### What needs to be done
The records below must be copied in full, exactly as they read.

Supplied material Start Marker

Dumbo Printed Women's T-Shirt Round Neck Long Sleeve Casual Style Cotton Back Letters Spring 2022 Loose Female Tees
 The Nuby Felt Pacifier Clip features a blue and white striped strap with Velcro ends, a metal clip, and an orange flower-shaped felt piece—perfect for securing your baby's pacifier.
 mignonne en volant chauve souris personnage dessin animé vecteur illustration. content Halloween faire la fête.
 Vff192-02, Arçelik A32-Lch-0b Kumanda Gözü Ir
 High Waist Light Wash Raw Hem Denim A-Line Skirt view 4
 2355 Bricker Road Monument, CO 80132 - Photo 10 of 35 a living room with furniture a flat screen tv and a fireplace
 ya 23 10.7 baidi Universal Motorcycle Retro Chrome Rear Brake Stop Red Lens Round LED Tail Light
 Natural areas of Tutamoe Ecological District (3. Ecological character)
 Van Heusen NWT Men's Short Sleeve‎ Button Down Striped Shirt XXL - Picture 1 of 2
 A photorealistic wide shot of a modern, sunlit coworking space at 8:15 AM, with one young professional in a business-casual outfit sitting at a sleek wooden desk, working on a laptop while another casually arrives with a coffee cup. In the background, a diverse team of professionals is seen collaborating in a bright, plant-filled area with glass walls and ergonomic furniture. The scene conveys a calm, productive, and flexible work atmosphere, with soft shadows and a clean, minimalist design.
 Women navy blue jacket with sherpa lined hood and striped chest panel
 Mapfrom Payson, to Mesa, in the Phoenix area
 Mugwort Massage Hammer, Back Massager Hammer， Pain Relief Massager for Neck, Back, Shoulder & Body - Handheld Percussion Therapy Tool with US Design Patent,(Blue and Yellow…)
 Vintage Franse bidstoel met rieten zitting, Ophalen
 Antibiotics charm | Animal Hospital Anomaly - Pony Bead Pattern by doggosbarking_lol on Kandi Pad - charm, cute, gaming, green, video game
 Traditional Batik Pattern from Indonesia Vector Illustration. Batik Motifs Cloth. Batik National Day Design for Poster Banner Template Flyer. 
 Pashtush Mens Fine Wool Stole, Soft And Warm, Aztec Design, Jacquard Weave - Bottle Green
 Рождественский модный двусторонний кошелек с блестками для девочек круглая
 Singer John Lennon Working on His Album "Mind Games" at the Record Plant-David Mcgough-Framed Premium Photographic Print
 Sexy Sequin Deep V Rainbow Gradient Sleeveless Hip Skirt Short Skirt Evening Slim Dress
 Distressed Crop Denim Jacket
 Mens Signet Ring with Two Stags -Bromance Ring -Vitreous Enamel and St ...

Supplied material End Marker

### The completed task
Dumbo Printed Women's T-Shirt Round Neck Long Sleeve Casual Style Cotton Back Letters Spring 2022 Loose Female Tees
 The Nuby Felt Pacifier Clip features a blue and white striped strap with Velcro ends, a metal clip, and an orange flower-shaped felt piece—perfect for securing your baby's pacifier.
 mignonne en volant chauve souris personnage dessin animé vecteur illustration. content Halloween faire la fête.
 Vff192-02, Arçelik A32-Lch-0b Kumanda Gözü Ir
 High Waist Light Wash Raw Hem Denim A-Line Skirt view 4
 2355 Bricker Road Monument, CO 80132 - Photo 10 of 35 a living room with furniture a flat screen tv and a fireplace
 ya 23 10.7 baidi Universal Motorcycle Retro Chrome Rear Brake Stop Red Lens Round LED Tail Light
 Natural areas of Tutamoe Ecological District (3. Ecological character)
 Van Heusen NWT Men's Short Sleeve‎ Button Down Striped Shirt XXL - Picture 1 of 2
 A photorealistic wide shot of a modern, sunlit coworking space at 8:15 AM, with one young professional in a business-casual outfit sitting at a sleek wooden desk, working on a laptop while another casually arrives with a coffee cup. In the background, a diverse team of professionals is seen collaborating in a bright, plant-filled area with glass walls and ergonomic furniture. The scene conveys a calm, productive, and flexible work atmosphere, with soft shadows and a clean, minimalist design.
 Women navy blue jacket with sherpa lined hood and striped chest panel
 Mapfrom Payson, to Mesa, in the Phoenix area
 Mugwort Massage Hammer, Back Massager Hammer， Pain Relief Massager for Neck, Back, Shoulder & Body - Handheld Percussion Therapy Tool with US Design Patent,(Blue and Yellow…)
 Vintage Franse bidstoel met rieten zitting, Ophalen
 Antibiotics charm | Animal Hospital Anomaly - Pony Bead Pattern by doggosbarking_lol on Kandi Pad - charm, cute, gaming, green, video game
 Traditional Batik Pattern from Indonesia Vector Illustration. Batik Motifs Cloth. Batik National Day Design for Poster Banner Template Flyer. 
 Pashtush Mens Fine Wool Stole, Soft And Warm, Aztec Design, Jacquard Weave - Bottle Green
 Рождественский модный двусторонний кошелек с блестками для девочек круглая
 Singer John Lennon Working on His Album "Mind Games" at the Record Plant-David Mcgough-Framed Premium Photographic Print
 Sexy Sequin Deep V Rainbow Gradient Sleeveless Hip Skirt Short Skirt Evening Slim Dress
 Distressed Crop Denim Jacket
 Mens Signet Ring with Two Stags -Bromance Ring -Vitreous Enamel and St ...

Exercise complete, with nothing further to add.